And Vedder, the guy who never slept, still doesn’t sleep. “Never have,” he says. “Never have, and now I really don’t. I have that spasm thing. I wake up and go, ‘Aaarrrgh.’ I’ll get up and start pacing. I’ll walk through a room, and the TV’s on, and my face is on, and I start to freak out. I want to call a friend and say: ‘Did I lose my mind? I need perspective.’ I talked with Henry Rollins one day. I said, ‘Dude, I need some perspective real quick.’ And I felt really bad doing it. Because I was calling him up for the same reasons kids call me up.”

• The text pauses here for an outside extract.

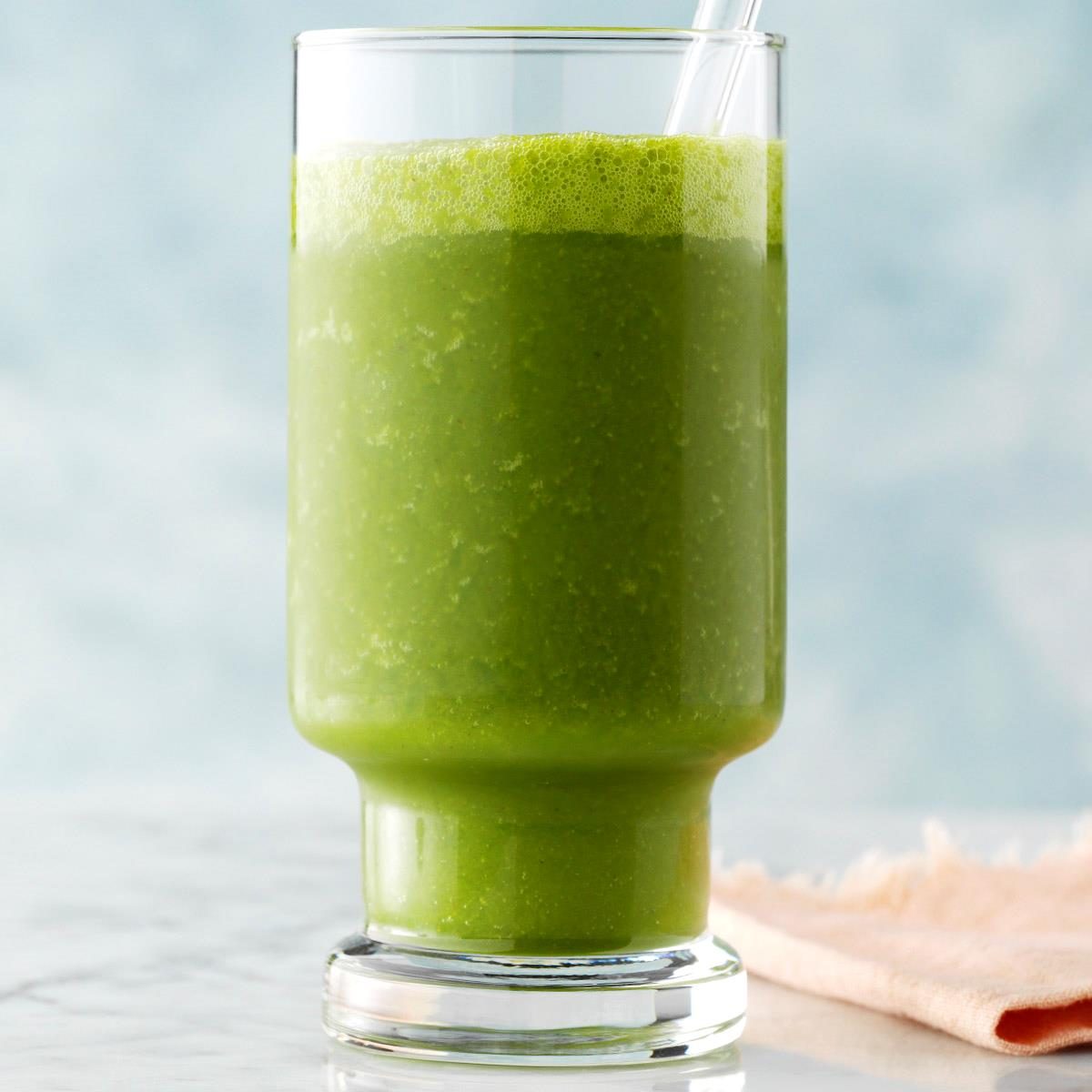 Ginger-Kale Smoothies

You wonder, of course, is this all part of Vedder’s elaborate defense mechanism. How can you attack the man who attacks himself? How can you doubt the credibility of a man who won an MTV Video Award for “Jeremy” and then told 50 million viewers, “If it wasn’t for music, I would have shot myself in front of that classroom.” For all his open-wound honesty, there are many mysteries that Vedder still clings to. Even a close band mate like McCready says: “No, I don’t know if we’ve ever had that big, bonding talk yet. Our relationship is still growing. We’ll probably have it sometime soon.”

Asked about his childhood, Vedder plays it close to his chest. He tells an anecdote about waiting tables back in Chicago. He tells of moving to San Diego and buying beanbag chairs and his first bad stereo. He tells of bootlegging shows, something he still does with a pocket-size microrecorder. All perfect sound bites for populist myth making, but when confronted with questions about his childhood, Vedder becomes vague. Of his earliest memories, he says only: “I’m confused. I’m mixed up about everything. I don’t know what’s happening now.”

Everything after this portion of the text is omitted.